Индусы не едят никакого мяса: ни яловичины, ни баранины, ни курятины, ни рыбы, ни свинины, хотя свиней у них очень много. Едят же они в день дважды, а ночью не едят; ни вина, ни сыты не пьют[366]. С мусульманами не пьют и не едят. А еда у них плохая, и один с другим не пьет и не ест, и с женой не ест. Едят рис да кичири с маслом, да травы разные, а варят их с маслом и молоком. А едят все правою рукою, левою не примется ни за что; ножа не держат, а ложки не знают. В дороге каждый варит себе кашу в отдельном горшке[367]. А от мусульман скрываются, чтобы не посмотрел ни в горшок, ни в еду. Если же мусульманин посмотрит на еду, то индусы уже ее не едят. А когда едят, то покрываются платом, чтобы никто не видел его.
А молитва у них на восток, по-русски, обе руки подымают высоко и кладут их на темя да ложатся ниц на землю и растягиваются по ней — то их поклоны. А когда садятся есть, то омывают руки и ноги, да и рот прополаскивают. А бутханы же их без дверей[368] и поставлены на восток, а Буты стоят на восток. А кто у них умрет, то и тех жгут, а пепел сыплют на воду. Когда у жены родится дитя, то принимает муж; имя сыну дает отец, а дочери — мать. Добрых нравов у них нет и стыда не знают. Приходя или уходя, кланяются по-монашески, обе руки тычут до земли и ничего не говорят.

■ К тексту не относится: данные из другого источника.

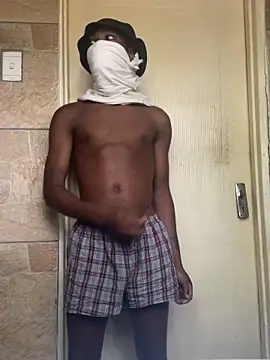 Snapshot of Thickdaddy3 chatting on 10-21-25, 08:15 Thickdaddy3 online show from 10-21-25, 08:15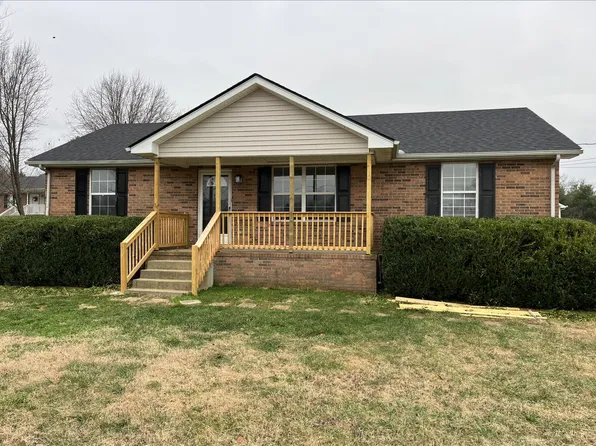 4015 Fykes Grove Rd, Cedar Hill, TN 37032
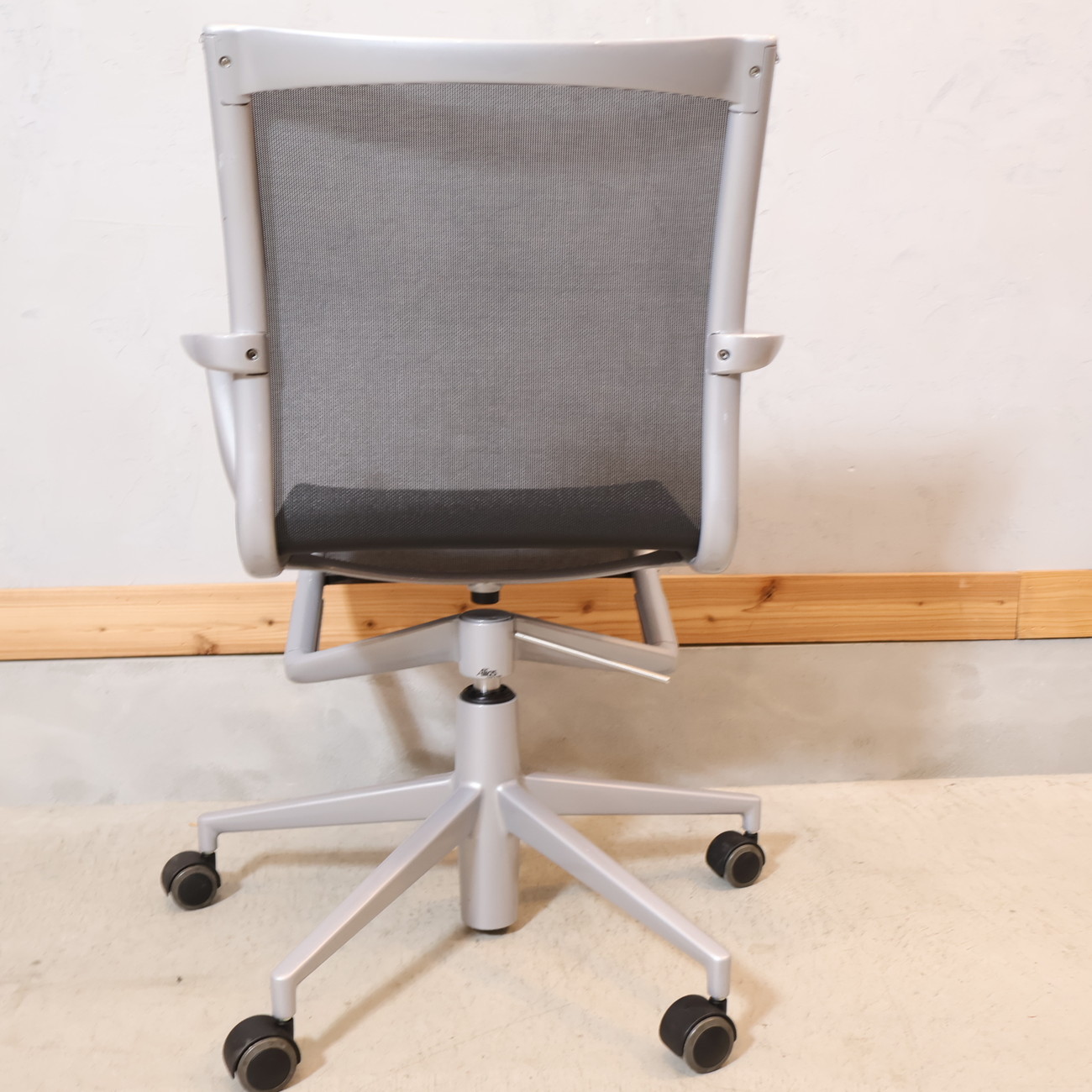 Cassina ixc.kasi- narrow ring frame caster swivel chair arm chair Alias Aria s desk chair high class EC242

К Парвату же ездят на великое заговенье, к своему Буту, здесь их Иерусалим, а по-мусульмански — Мекка, по-русски — Иерусалим, по-индийски — Парват. А съезжаются все нагими, только на бедрах плат; и женки все голые, только на бедрах фата, а другие в фатах, да на шеях жемчуга и яхонтов много, на руках же обручи и перстни золотые, ей-богу. А внутрь, к бутхане, ездят на волах, и у каждого вола рога окованы медью, да на шее у него 300 колокольцев, да копыта подкованы медью. И тех волов «отцами» зовут. Индусы вола зовут «отцом», а корову — «матерью»[369]; а кизяком их пекут хлеб и еду варят себе, а пеплом этим мажут лицо, по челу и по всему телу рисуют знаки (ритуальные)[370]. В воскресенье же да в понедельник едят один раз днем. В Индии же малостоящими и дешевыми считаются женки: хочешь знакомства с женкою — два шетеля; хочешь за ничто бросить деньги, дай шесть шетелей. Таков у них обычай. Рабы и рабыни дешевы: 4 фуны — хороша, 5 фун — хороша и черна.

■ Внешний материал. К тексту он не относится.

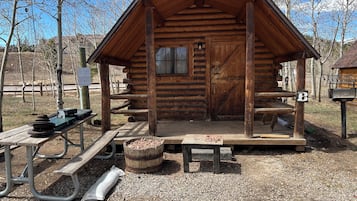 Standard Cabin, Courtyard View | Outdoor dining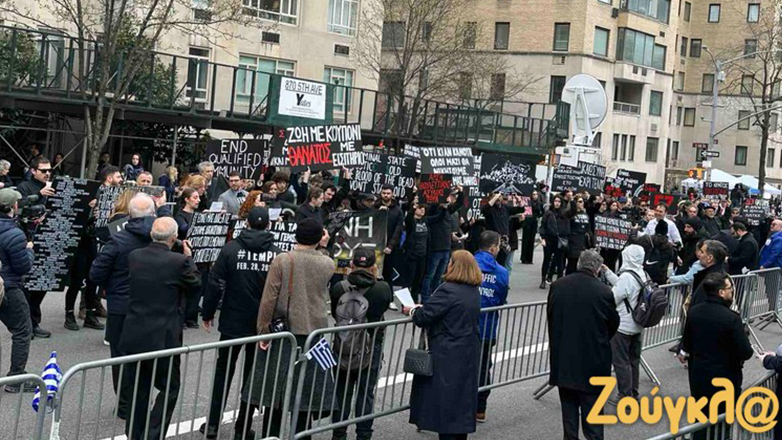 Νέα Υόρκη: Ράγισε καρδιές το άγημα για τα Τέμπη στην παρέλαση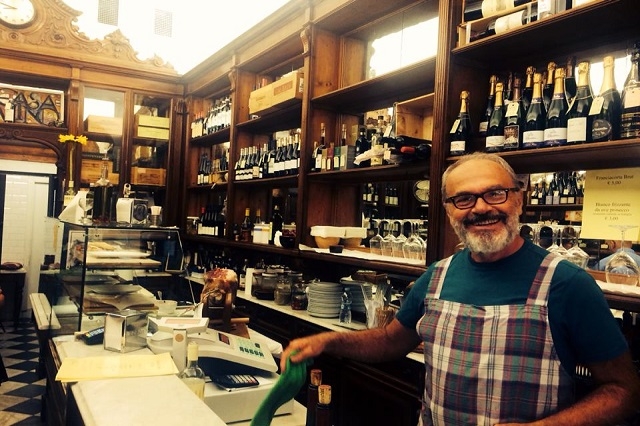 casa del vino esercizi storici fiorentini facebook https://www.facebook.com/photo.php?fbid=10152773994404159&set=a.10150194180789159.269628.522959158&type=1&theater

Из Парвата же приехал я в Бидар, за 15 дней до мусульманского великого праздника. А Великого дня воскресения Христова не знаю и по приметам гадаю: Великий день христианский бывает раньше мусульманского байрама на 9 или 10 дней. Со мною нет ничего, никакой книги; а книги мы взяли с собой из Руси, но когда меня пограбили, то и их захватили. И я позабыл всю веру христианскую и праздники христианские: ни Великого дня, ни Рождества Христова не знаю. И среди вер я молю бога, чтобы он хранил меня: «Боже господи, боже истинный, боже, ты бог милосердный, бог творец, ты господь еси. Бог един, то царь славы, творец неба и земли». А возвращаюсь я на Русь с думою: погибла вера моя, постился я мусульманским постом. Месяц март прошел, и я заговел в неделю с мусульманами, говел месяц, мяса не ел и ничего скоромного, никакой еды мусульманской, а ел 2 раза в день хлеб до воду и с женкой связи не имел. А молился я Христу-вседержителю, кто сотворил небо и землю, и иного никоторого имени не призывал: бог творец наш, бог милосердный, боже, ты бог всевышний.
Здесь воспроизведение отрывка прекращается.